Villa A - Satoshi Okada architects
Designed by Satoshi Okada, this holiday home is located in mountain forests at an altitude of 1 000 metres. The building slips elegantly into its natural setting, following the natural gradient and making the most of the sweeping views. Its softly curved, spindle-shaped plan nestles into the slope. Access to the house is via a top road.
The building’s two storeys stand out distinctly, with different structural frames and elevations. The lower floor, in reinforced concrete, houses the more private areas: two family bedrooms, a guest room, and a library zone, all sequenced according to a rigorously rectangular plan.The ground-floor elevation is in concrete and punctuated by glazed lights the same size as the rooms behind.
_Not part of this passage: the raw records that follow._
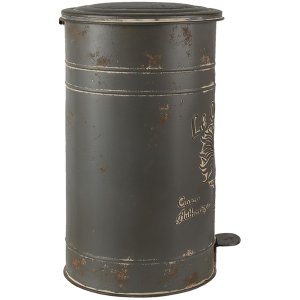 Pedal bin gray Ø 27x45 cm 6Y4244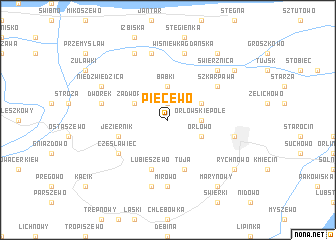 map of Piecewo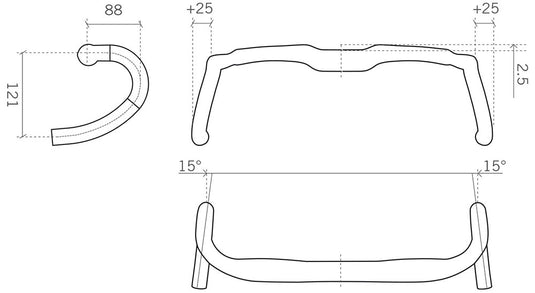 Fsa agx a-wing pro gravel handlebar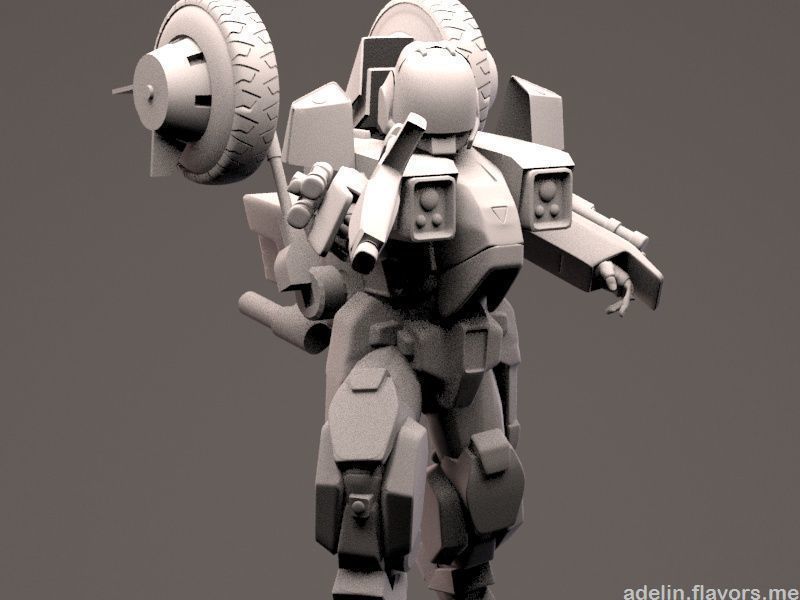 Veritech Cyclone Mospeda - PBR Low-poly 3D model_4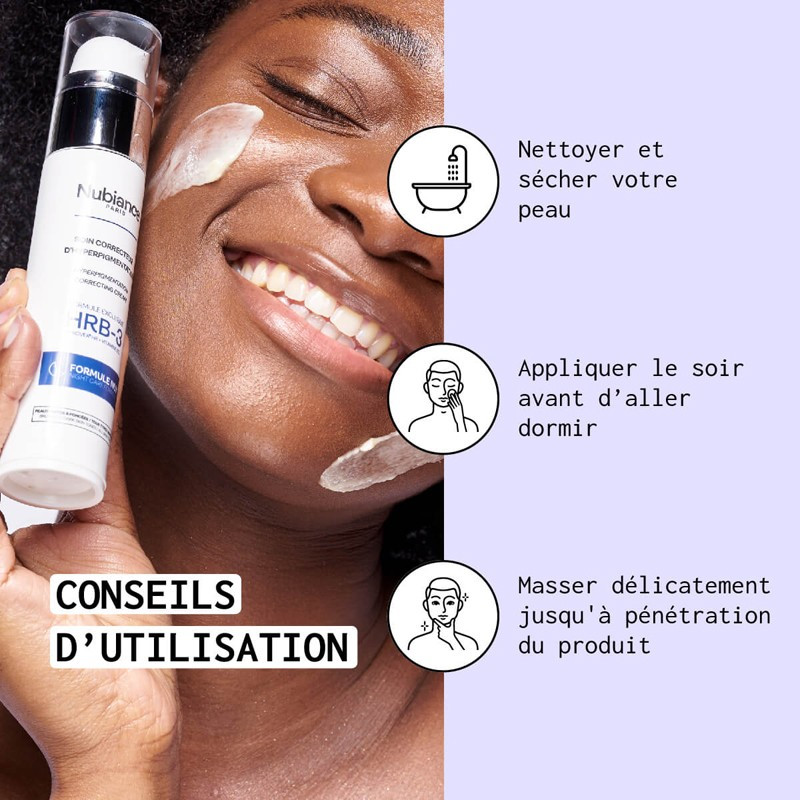 Nubiance Soin Correcteur Hyperpigmentation HRB-3 Nuit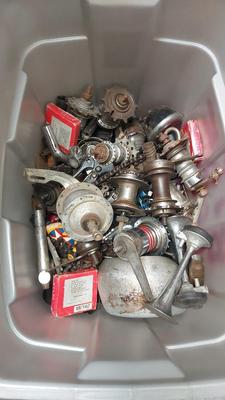 MYSTERY BOX OF VINTAGE BICYCLE PARTS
The steel frame upper structure houses the living area. Its full-height, full-length glazed façade supported by slender steel posts gives on to a large terrace facing the views beyond, a minimal barrier between inside and out.
The building’s most distinctive feature is the roof: a slab of Cor-ten steel that rises from the east side to spread over the living area like a protective wing, a curving overhang providing a sheltering canopy for the terrace.
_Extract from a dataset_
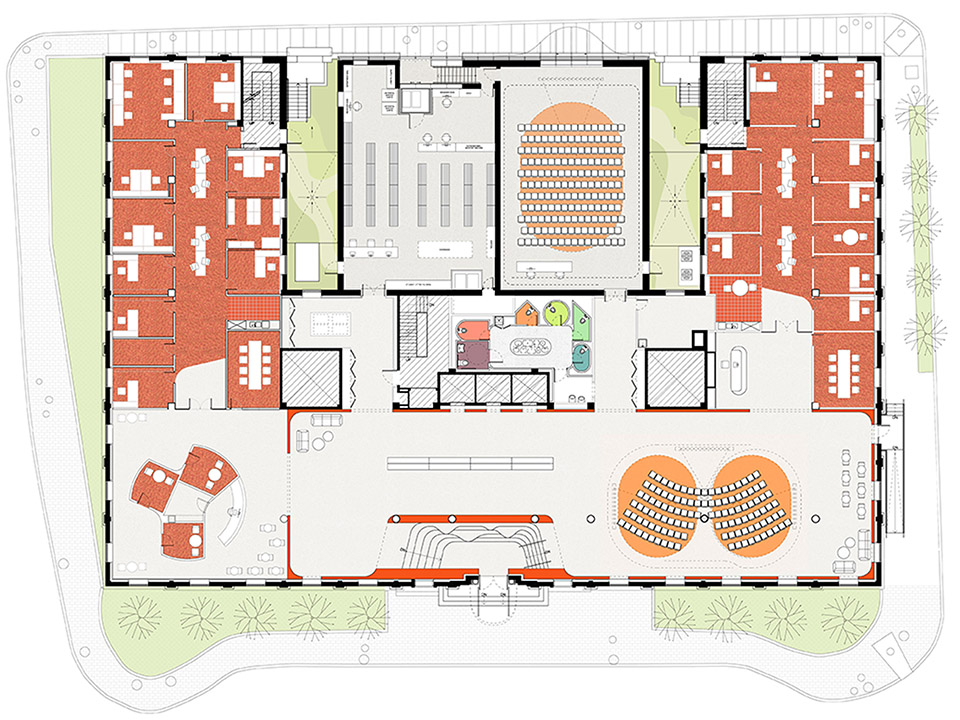 罗德岛设计学院学生中心，美国 / WORKac-58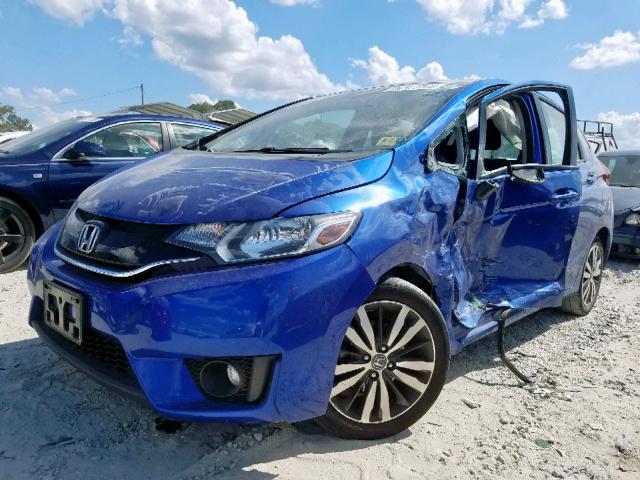 3HGGK5H89FM771208 - 2015 HONDA FIT EX BLUE photo 2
Hansha Reflection House - studio SKLIM
SKLIM, the Singapore-based architect practice, designed this residence known as the Hansha Reflection House. Abutting onto a park with lake and trees, the wooden frame structure develops longitudinally, its several volumes interlocking in functionally sequential order.
The cantilevered living area on the u pper floor reaches out towards the park, its large asymmetrical picture window protruding into the room. The telescope-effect this produces brings the natural environment right into the room. The building’s compact volume has been “scooped out” to make way for an inner central court around which, on the ground floor, are arranged the bedrooms and meditative spaces like a library lined with dark wood bookshelves.
The upper floor is occupied by the living and communal areas while the steeply pitched roof has been cut away on the park side to make way for a recessed terrace sheltered from view. The white walls and wood cladding of the interiors are conducive to quiet reflection, the double-height library area giving a sense of spatial breadth.